Nachts auf dem Dach des Jagdschlosses

Es geschieht nicht allzu häufig, dass eine Oper für die große Leinwand verfilmt wird. Unmittelbar vor Weihnachten kommt »Der Freischütz« in die Kinos. Klaus Kalchschmid hat sich den Film vorab angesehen und mit der Hauptdarstellerin Juliane Banse gesprochen.

Keine Mühe gescheut hat Regisseur Jens Neubert für diese enorm aufwendige »Freischütz«-Verfilmung an den Originalschauplätzen in Sachsen. Sie spielt während der Napoleonischen Kriege nach der Schlacht von Dresden im August 1813. Historisch präzise sind Dekors wie die Kostüme, allen voran die Uniformen der Soldaten, mit deren blutigen Leichen in der Wolfsschlucht der Film beginnt, oder die Kleidung der einfachen Leute, die gespielt und gesungen werden von 600 Statisten aus elf Laienchören.

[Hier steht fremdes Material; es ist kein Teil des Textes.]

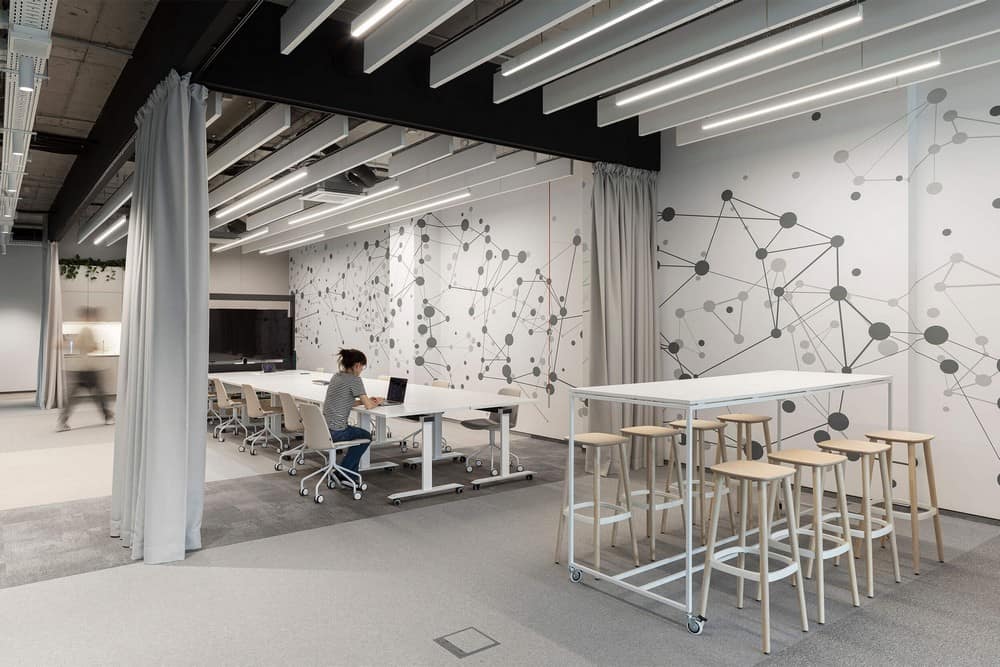 Milestone Office Space Sofia / Cache Atelier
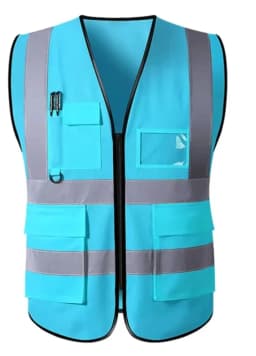 High Visibility Security Working Reflective Vest Personalized Construction Traffic Outdoor Cycling Wear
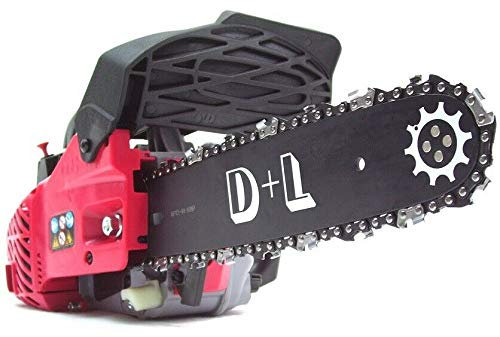 Benzin Kettensäge 1,5PS Motorsäge Motorkettensäge 55888 Einhandsäge Astsäge Säge, Einhandkettensäge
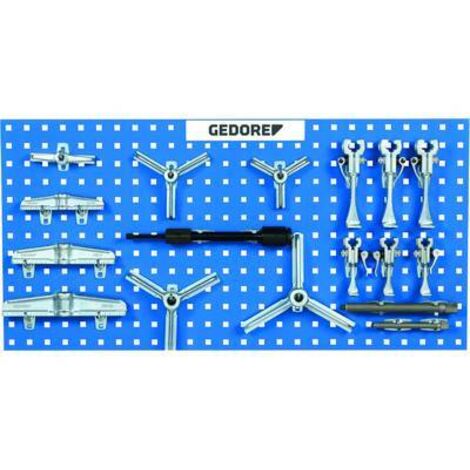 GEDORE 1393014 - Ensemble d'extracteurs industriels, système modulaire , 2.30 (1/2)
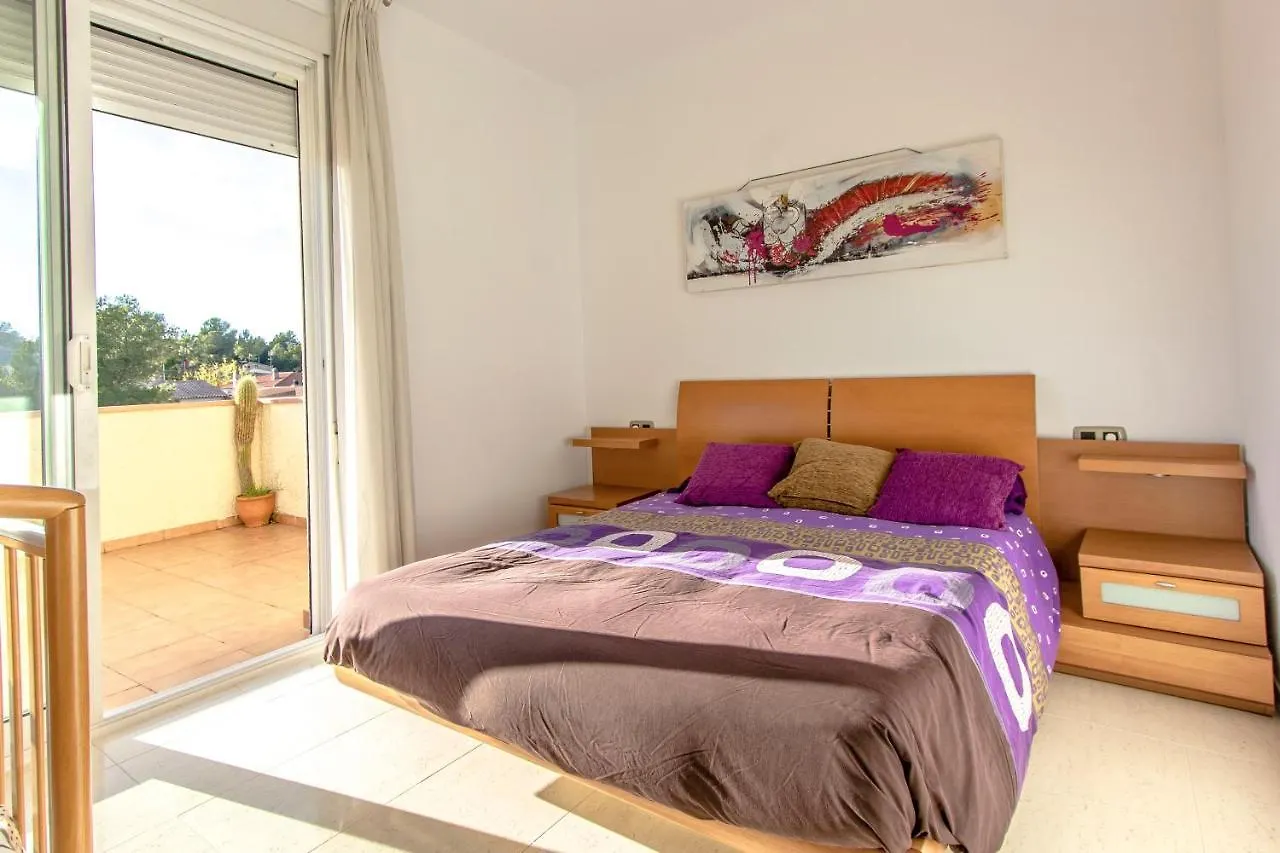 Casa Montse Bara Holiday home Roda de Bara  Roda de Bera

Kaspar und Max sehen dagegen eher wie verdreckte und verwilderte Freischärler aus denn wie brave, biedere Jäger. Kein Wunder, dass Agathe so heftig aus ihrem Traum hochschreckt, in dem Max sie als Taube erschießt! Und auch das Bild, das zuvor schon dramatisch von der Wand gefallen war, zeigte nicht den Erbförster, sondern Napoleon höchstselbst. Schließlich hatten sich die Preußen gerade mit den Österreichern gegen ihn verbündet.
Neben der illustren männlichen Sängerriege – Michael Volle, Michael König, René Pape, Olaf Bär und Franz Grundheber – sind die weiblichen Partien nicht minder hervorragend mit der erst 23-jährigen Regula Mühlemann und Juliane Banse besetzt. Es war nicht Banses erste Agathe – die stellte sie in einer typischen Robert- Wilson-Inszenierung dar –, dafür agierte sie diesmal in einem noch ungewöhnlicheren Ambiente: in einem Kinofilm, der in freier Wildbahn und in den kostbaren Räumen eines edlen Empire-Jagdschlosses gedreht wurde.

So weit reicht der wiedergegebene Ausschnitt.